Opinión | Editorial

Actualizar la Constitución

La mejor manera de festejar el Día de la Constitución es hacer balance del grado de cumplimiento cotidiano de los derechos y deberes allí regulados

Los exteriores del Congreso albergarán los actos por el 42 aniversario de la Constitución.

Los exteriores del Congreso albergarán los actos por el 42 aniversario de la Constitución. / EFE

Es obligado, coincidiendo con el 42º aniversario del referéndum constitucional de 1978, que las Cortes Generales celebren la efeméride y que las fuerzas políticas allí representadas subrayen los aspectos de aquel texto fundacional con los que más se identifican. Sin embargo, el mejor servicio que podrían prestar a la Carta Magna sería traducir en la acción política cotidiana los valores constitucionales, empezando por el espíritu que los hizo posibles: la voluntad de pacto y consenso entre diferentes. Unos valores que no pueden quedar anquilosados en los protagonistas de aquel momento, sino que deben impregnar las negociaciones de hoy. Es un contrasentido, por ejemplo, que los grandes partidos vitoreen la Constitución y, por el contrario, no se pongan de acuerdo en la renovación de los órganos constitucionales, empezando por el Consejo General del Poder Judicial y siguiendo por el Tribunal Constitucional. O pretendan reformar unilateralmente su regulación legislativa. 

Es normal que existan visiones distintas de nuestra Carta Magna. El texto, fruto del pacto entre fuerzas que provenían del antiguo régimen y de la oposición democrática, es necesariamente ambiguo. Una ambigüedad que no ampara el intento de algunos de identificar la lealtad constitucional con la sensibilidad que ellos representan o con alguna de las instituciones del Estado que allí se fundamentan. Cada fuerza política puede decidir cuáles son sus prioridades en el momento de aplicar los principios constitucionales, pero no pueden pretender que son menos constitucionalistas los que defienden la escuela pública que los que defienden la concertada, o que los que insisten en el derecho a la vivienda lo son menos que los que ponen en primer plano la Monarquía. Esta dinámica perversa es especialmente lacerante en el caso paradigmático del artículo 2, que proclama que la Constitución «se fundamenta en la indisoluble unidad de la Nación española» y añade, acto seguido, que «reconoce y garantiza el derecho a la autonomía de las nacionalidades y regiones». El término «nacionalidad» designa a las naciones históricas del Estado compuesto que es España. La Constitución consagra igualmente la unidad y la diversidad. 

La única condición

El problema surge cuando las grandes fuerzas políticas, herederas del pacto constitucional, olvidan el carácter consensual y el espíritu abierto que lo hicieron posible. Y utilizan la Constitución como arma arrojadiza. De igual manera que las fuerzas que no se sienten vinculadas a aquel pacto olvidan que su reforma debe contar, al menos, con el mismo grado de acuerdo que aquel momento. La única condición, que se impone a todos los actores, es aceptar las reglas del juego que nos dimos en 1978.
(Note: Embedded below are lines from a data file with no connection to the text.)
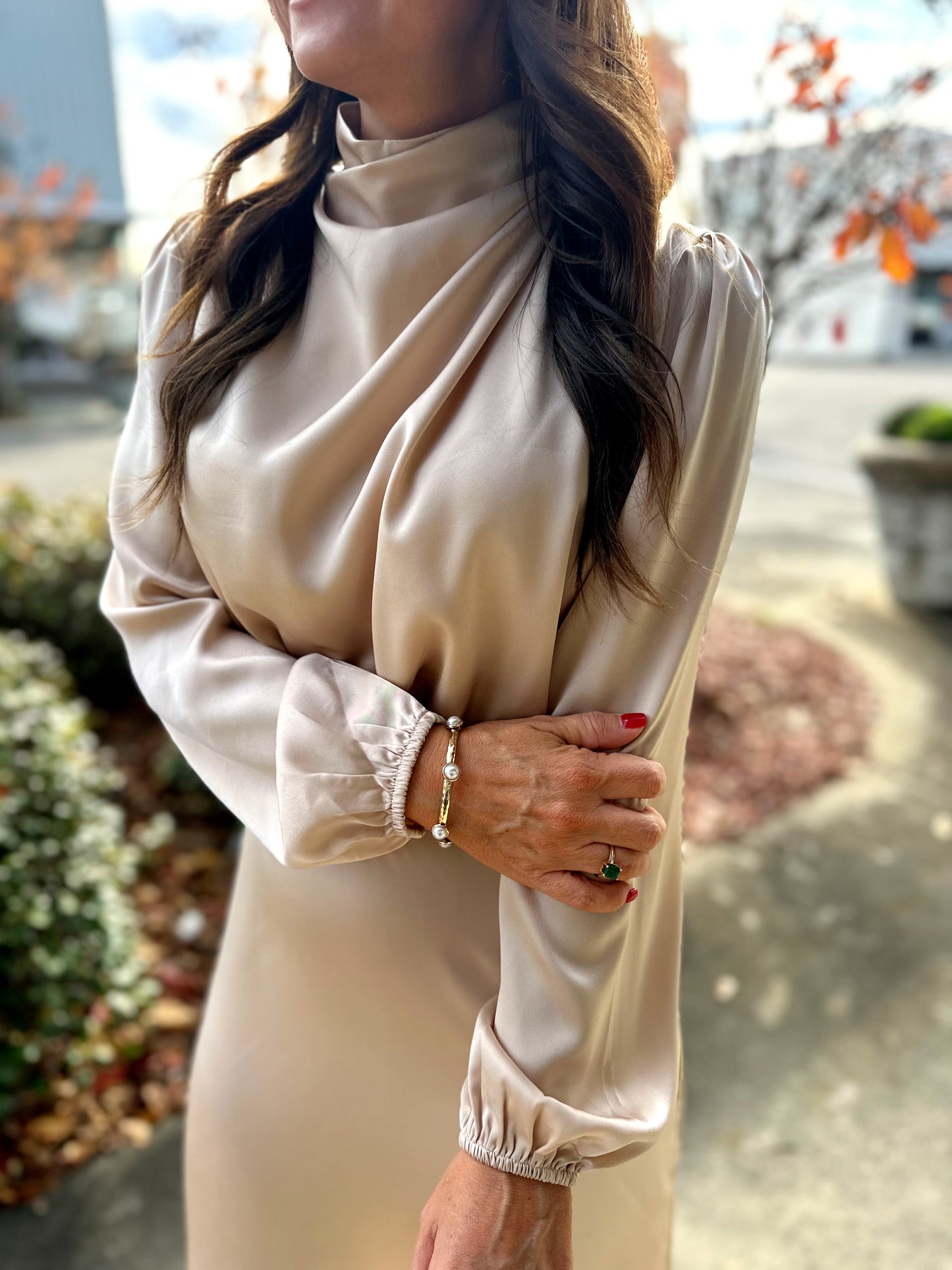 Satin Long Sleeve Loose Midi Dress (2 Colors)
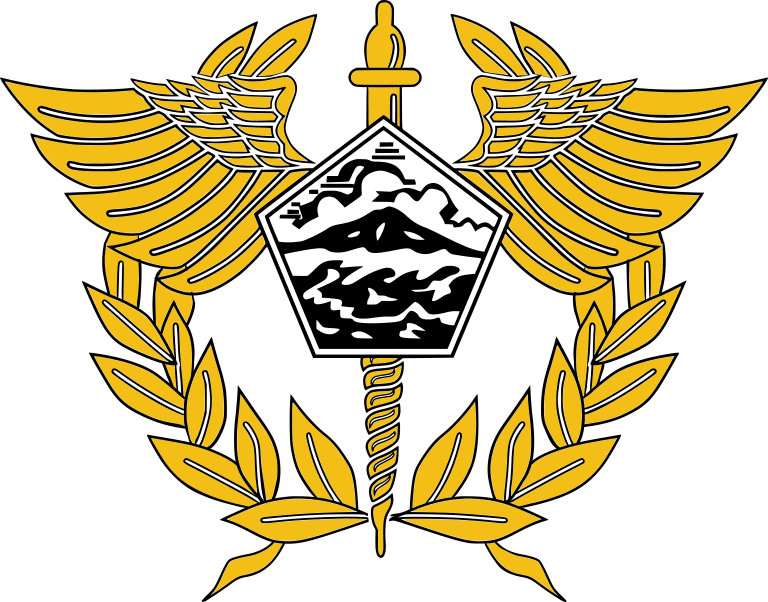 Directorate General of Customs and Excise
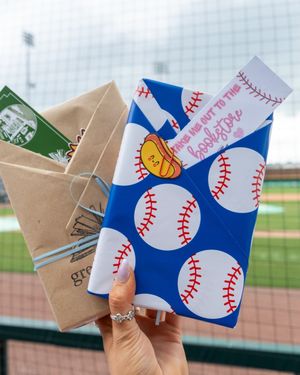Image post by @trashpandasbaseball on Instagram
La mejor manera de defender la Constitución es actualizarla en el día a día de la política. Defendiendo las instituciones, todas. Y siendo igualmente tajantes con los que han pretendido cambiarla saltándose las leyes como con los que agitan un ruido de sables que resuena como ruido de chatarra. La respuesta de los partidos, de la judicatura y de la jefatura del Estado debe ser proporcional en cada caso a la magnitud de la amenaza, pero igual de contundente.

La Constitución no se pueden anquilosar, exige renovar consensos e incorporar a nuevos actores políticos, nuevos derechos, la integración europea, el cambio climáticos, el estatus de la Monarquía y, como argamasa, una cultura federal que conjugue diversidad e igualdad.